The project includes solar plus storage integrations at the grid-scale, commercial, and residential levels, and is studying value of holistic controls through distributed energy resource management systems with control algorithms that focus on market, reliability, and customer value propositions. Economic modeling methodology and models are being used to determine the differential value of DER. The effort is also comparing ownership and control methodologies – including utility-controlled, autonomous and third-party – to test and prepare for various future use cases, SEPA noted.

“Innovation is part of the foundation upon which we are built,” said Jackie Sargent, Austin Energy General Manager. “We are always looking for creative solutions that deliver better service and make Austin a more livable city and we are proud to be recognized for that innovation.”

MMWEC winner in the “Innovative Partner of the Year” category

Meanwhile, MMWEC was the winner in the category that recognizes a non-utility partner for a unique method, project, leadership, or innovation that has aided in the expansion of or access to distributed energy resources while working with one or more utilities.

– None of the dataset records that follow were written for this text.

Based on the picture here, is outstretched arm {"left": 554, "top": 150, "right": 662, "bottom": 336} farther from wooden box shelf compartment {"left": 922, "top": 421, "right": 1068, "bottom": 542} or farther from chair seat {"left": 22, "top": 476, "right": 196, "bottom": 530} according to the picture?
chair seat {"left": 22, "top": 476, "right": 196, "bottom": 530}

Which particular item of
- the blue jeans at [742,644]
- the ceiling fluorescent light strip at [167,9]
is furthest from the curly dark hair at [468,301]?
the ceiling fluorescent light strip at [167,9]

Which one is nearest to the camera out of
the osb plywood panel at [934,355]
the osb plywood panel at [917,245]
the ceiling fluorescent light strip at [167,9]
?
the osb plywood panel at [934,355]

MMWEC is a non-profit, public corporation and political subdivision of the Commonwealth of Massachusetts that provides a wide range of power supply, financial, risk management and other services to municipal utilities.

MMWEC said it was recognized for work in partnership with its member utilities to implement services that include the procurement, installation and remote dispatch of energy storage systems in a manner that reduces costs for consumers.

MMWEC’s peak load forecasting and remote dispatch services enable the automated dispatch of batteries and other distributed energy resources during peak demand hours. This reduces peak loads, which determine a utility’s transmission and capacity costs, resulting in savings for consumers, MMWEC noted.

After a trial period with a single utility, MMWEC expanded these services as other members added DERs to their systems.

Currently, MMWEC is remotely dispatching seven distributed energy resources for six member utilities, and will add three more resources by the end of the year. MMWEC said it is able to dispatch these resources 24 hours a day, seven days a week “to further optimize their value for the utilities.”

The SEPA award also recognizes other initiatives of MMWEC’s emerging technologies team, including an electric vehicle/charging program; acquisition of grants to fund energy-efficient streetlights, energy storage and reduced-emissions bucket trucks and a unique pooled loan program that allows members to finance clean energy projects using MMWEC’s tax-exempt financing authority.

SEPA noted that MMWEC partnered with one of its member utilities, the Sterling Municipal Light Department, to develop and implement new peak load projection and remote dispatch services that have enabled the utility to achieve significant savings with its energy storage/microgrid project. “Importantly, the partnership with Sterling clearly demonstrated the value of these new services, which are being integrated with DER projects in other member utilities,” SEPA said.

“Innovation is the key to enabling municipal utilities to integrate and capture the benefits of clean energy technologies for their customers,” said MMWEC CEO Ronald DeCurzio. “MMWEC is honored to be recognized by SEPA for its emerging technology initiatives, which are helping municipal utilities keep pace with fast-moving trends in the electric industry,” he said.

Winners in the seven award categories will be honored July 10 as part of SEPA’s Grid Evolution Summit in Washington, D.C.

Additional details about the award winners, including the winners in other categories, are available here.

NYPA, Austin Energy earn grid innovation awards

Meanwhile, NYPA and Austin Energy recently earned 2018 Grid Edge Innovation Awards from Greentech Media.

NYPA was recognized for its New York Energy Manager, the Power Authority’s advanced, secure energy management center, headquartered in Albany. It provides public and private facility operators across New York State with timely data on energy use.

Austin Energy was recognized for its work in the area of integrating energy storage and solar PV. Specifically, Greentech Media highlighted Austin Energy’s activities tied to a grant from the U.S. Department of Energy's SHINES program.